404 Capture Log
An observer records every 404 your storefront serves, aggregates them by (request_path, store_id), and lets editors create redirects for the ones that matter most without leaving the admin.
Why capture 404s
Most stores have hidden 404 traffic from:
- Old URLs from a pre-Magento site that still get linked to
- Blog post URLs that changed when the content was rewritten
- Product URLs from a catalog migration where url_keys changed
- Deep-links from broken external sites
Without a capture system you only learn about these from sporadic Search Console reports. With one, you see every hit, sorted by frequency, with referrer + user-agent context.
Configuration
Stores → Configuration → SEO Suite → Redirects & 404 capture
| Field | Default |
|---|---|
| Capture 404s into the log | No |
| 404 log retention (days) | 90 |
| Additional ignore patterns | (empty — defaults already cover sensible noise) |
Per-store overrides supported.
Default ignore patterns
The capture observer skips paths matching:
/static/*, /media/*, /pub/static/*, /pub/media/*,
/api/*, /rest/*, /graphql*,
*.map, *.ico, *.txt, *.xml,
/favicon*, /apple-touch-icon*
These are static-asset 404s, robots.txt probes, sitemap requests, sourcemap fetches — noise that would dwarf your real 404 traffic. Add additional site-specific patterns via the config field (one per line, * wildcard supported).
How aggregation works
The observer doesn't insert one row per 404 hit — it INSERT … ON DUPLICATE KEY UPDATEs on (request_path, store_id):
- First hit → new row with
hit_count = 1 - Subsequent hits →
hit_countincremented,last_seenupdated, latestreferreranduser_agentoverwritten query_stringoverwritten on each hit (last-wins)

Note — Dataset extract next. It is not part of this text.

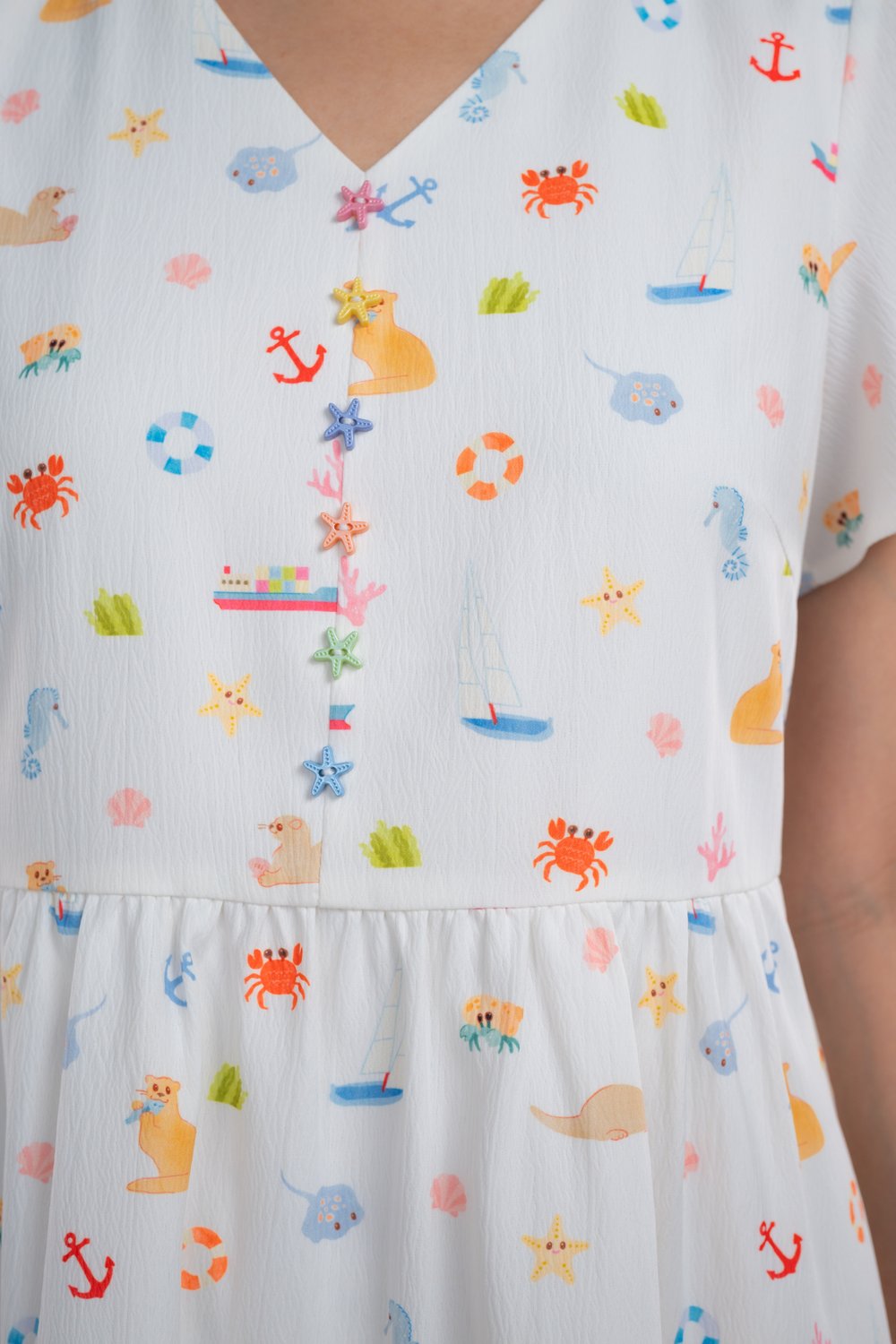 COASTAL CUTIES V-NECK BABYDOLL DRESS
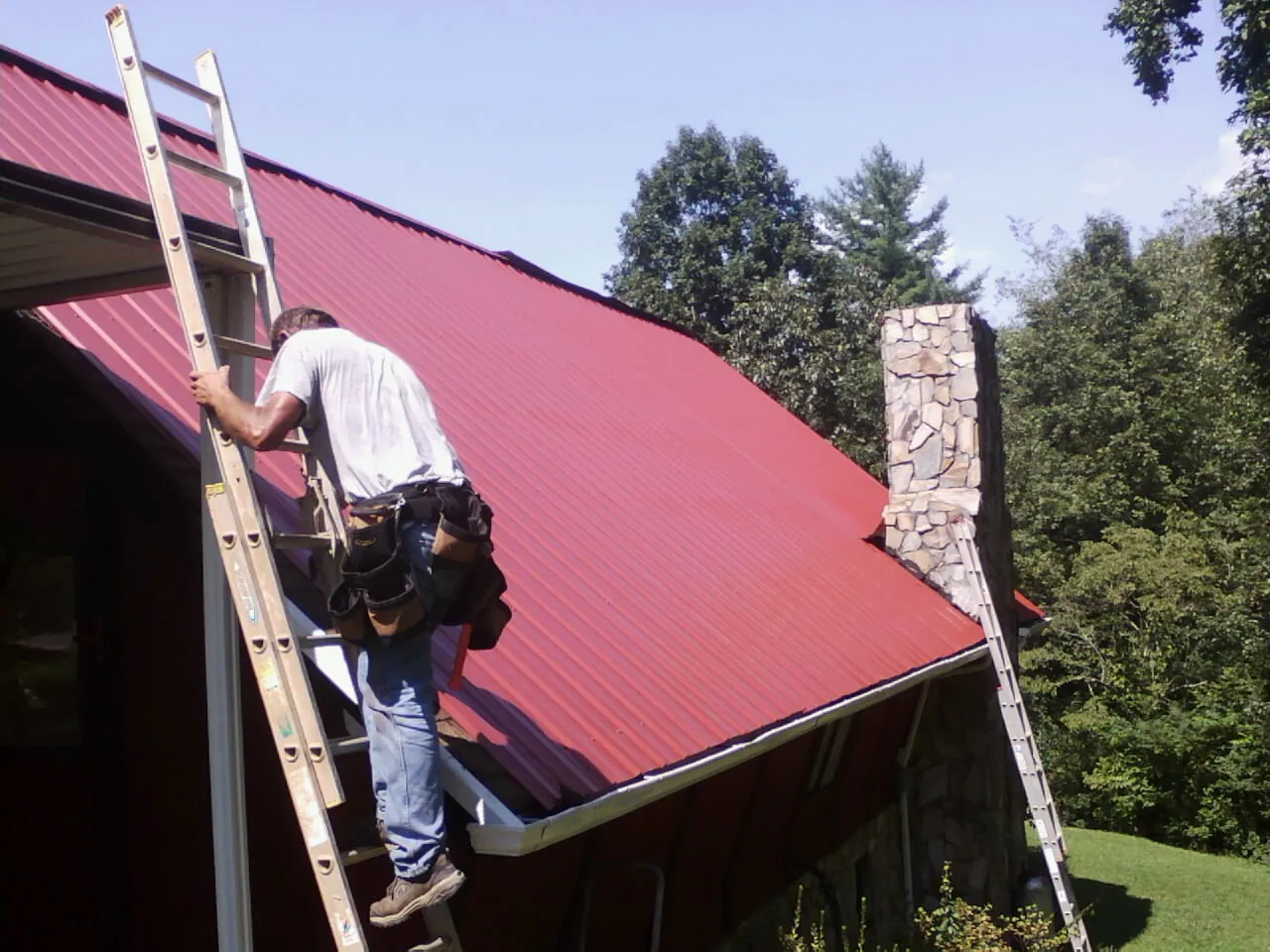 Roofer on a ladder beside a red metal roof and stone chimney — Soffit & Fascia Repair by Roofing Brothers in Castaic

So a path that's hit 1000 times produces one row with hit_count = 1000, not 1000 rows.
Admin grid
Marketing → SEO Suite → 404 Capture Log
Default sort: hit_count DESC so the worst offenders surface first.
| Column | Notes |
|---|---|
| ID | Internal entity_id |
| Hits | Total since first_seen for this path |
| Path | The 404'd request_path |
| Query string | Last query string seen |
| Store | Store ID where the 404 occurred |
| Last referrer | Most recent referrer header |
| Last UA | Most recent user-agent (truncated to 510 chars) |
| Resolved | Yes when a redirect has been created for this path |
| First seen / Last seen | Timestamps |
Per-row action: Create redirect — only shown when not resolved. Lands you on the redirect form with request_path pre-populated.
Workflow: from 404 to 301
- Editor opens the 404 Capture Log → sees
/old-product-page.htmlwith 247 hits, last hit yesterday - Clicks Create redirect → redirect form opens with
request_path = old-product-page.html - Editor fills in
target_path = new-product-page.html, picks 301 - Save →
RedirectManagercreates the rewrite + sidecar row + marks the 404 entry as resolved - Future 404s for this path cease (request now serves a 301)
- Existing 404 row stays in the grid as
resolved=Yesfor audit history
Daily purge cron
byte8_seosuite_purge_404_log runs at 30 3 * * *. Purges entries with last_seen < (now - retention_days). Multi-store installs use the LARGEST retention configured across stores, so no store loses data another store wanted to keep.
If the feature is disabled on every store, the cron exits without touching any rows.
Performance
Each 404 hit triggers one INSERT … ON DUPLICATE KEY UPDATE against an indexed table. On a healthy database this is sub-millisecond — invisible to the response cycle. The observer wraps the call in try/catch so a database failure can never break the 404 page itself (logged to system.log instead).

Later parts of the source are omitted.